-- Provided data follows --

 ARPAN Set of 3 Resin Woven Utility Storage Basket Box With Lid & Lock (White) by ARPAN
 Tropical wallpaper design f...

-- Provided data concluded --
-- Provided data follows --

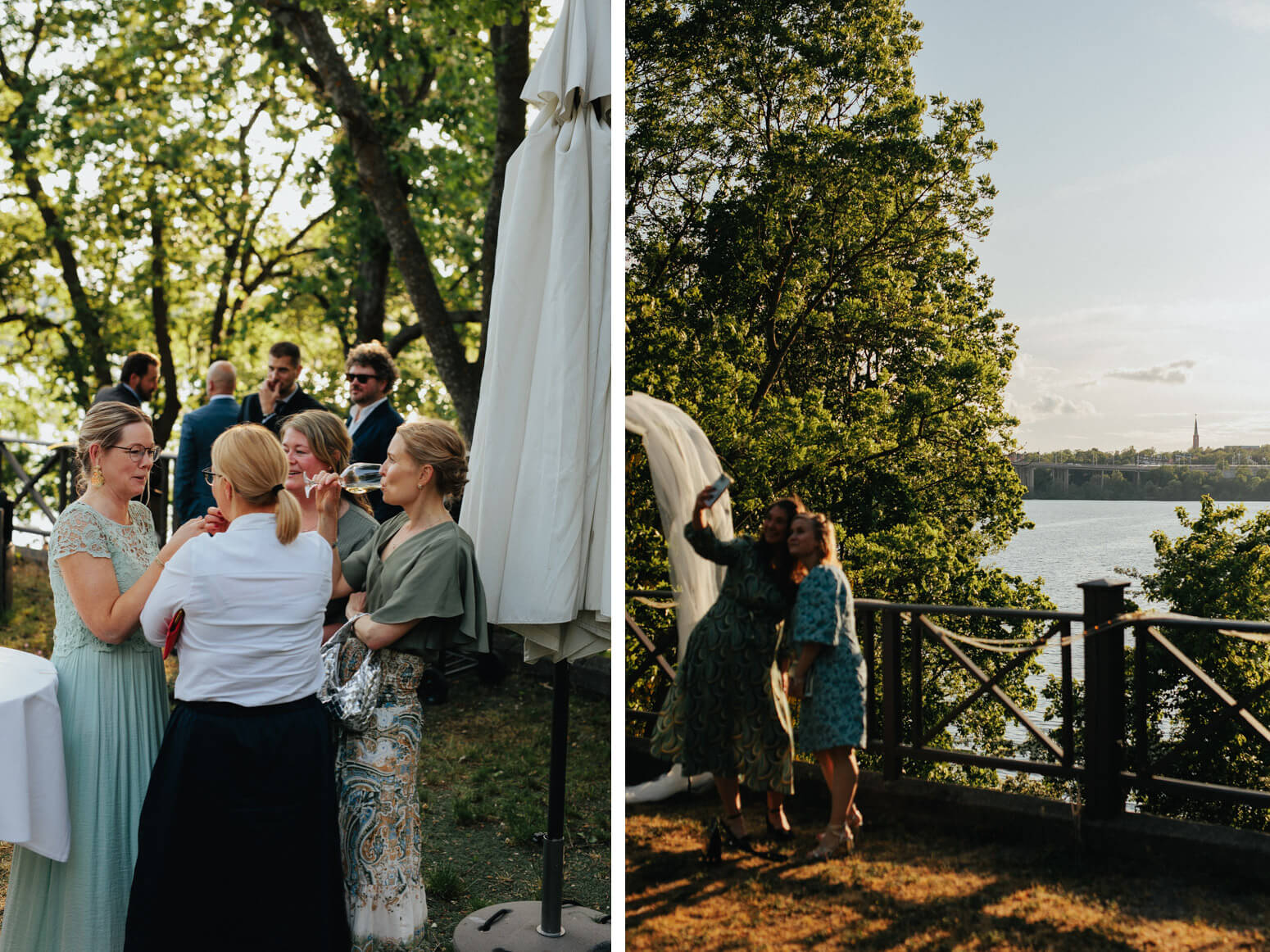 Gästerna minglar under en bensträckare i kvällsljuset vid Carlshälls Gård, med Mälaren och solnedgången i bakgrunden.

-- Provided data concluded --

**Aim of the task:**
Using the entries above, extract exactly the span from the line with "ARPAN Set of" to the line with "Tropical wallpaper design f...", both lines included; leave out everything else.

**Answer for this exercise:**
 ARPAN Set of 3 Resin Woven Utility Storage Basket Box With Lid & Lock (White) by ARPAN
 Tropical wallpaper design f...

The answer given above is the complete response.